20/04/2016 - 0:00
O Código de Defesa do Consumidor, instituído pela lei 8078, de 11 de setembro de 1990, é sem dúvida uma arma poderosa de proteção aos cidadãos, diante de fornecedores relapsos ou inescrupulosos, e de regulamentação das relações de consumo no País. Rapidamente, nestes 25 anos de vigência, tornou-se um dos instrumentos mais acionados na Justiça: segundo a advogada Vanessa Vilarino Louzada, head da área de relações de consumo e cobrança de créditos em atraso do escritório Neolaw, de São Paulo, ele responde pela metade dos 90 milhões de processos em tramitação no judiciário brasileiro.
No entanto, de acordo com Vanessa, esse mecanismo de defesa nem sempre tem sido utilizado adequadamente, dando origem ao que ela qualifica como uma verdadeira indústria do dano moral, entulhando as prateleiras do Juizado Especial Civil, denominação atual do juizado de pequenas causas. “Há sempre alguém procurando oportunidades para processar as empresas, mesmo sem ter uma razão plausível para tanto”, diz ela.

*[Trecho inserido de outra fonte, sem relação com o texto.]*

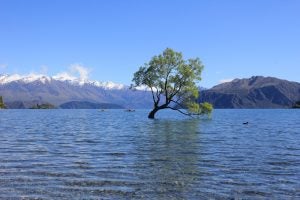 The lone tree in the middle of Lake Wanaka, New Zealand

Vanessa lembra um caso recente envolvendo um dos principais clientes do Neolaw, o site de comparação de preços Buscapé, e o varejista paulista Lilla Imports, acionados por um consumidor de Florianópolis, que reclamava de defeitos num celular Samsung Galaxy. Detalhe: o aparelho fora adquirido em novembro 2012 e a ação ajuizada em agosto de 2015. No entanto, o reclamante, Bruno dos Santos Vieira, não contava, com a reação inusitada do juiz Valter Fontana, do 2ª Juizado Especial Cível da capital catarinense, ao se dar conta do prazo decorrido entre a aquisição do celular e a reclamação.
“Ao ler a peça, no item 15, o autor tentou dar o primeiro “migué” neste Juiz, ao alegar que inúmeras vezes tentou amigavelmente resolver o problema”, escreveu Fontana. “Mas, onde está a prova? Ou onde isso foi alegado na inicial?” O juiz ficou também injuriado com a tentativa do reclamante de desfazer-se do aparelho. “O autor simplesmente não tem mais interesse na manutenção do produto (isso dois anos e meio após o uso) e quer a recisão do contrato.”
O meritíssimo encerrou a sentença com chave de ouro, externando seu estado de espírito diante do “migué” do consumidor. “Confesso que fiquei triste com este processo, com o autor, com os advogados, com o Judiciário, com o sistema e comigo mesmo”, afirmou. “Numa sexta feira à tarde, 16 horas, janeiro, sol forte lá fora, pergunto se mereço, realmente, estar “julgando” este processo. Acho que não.”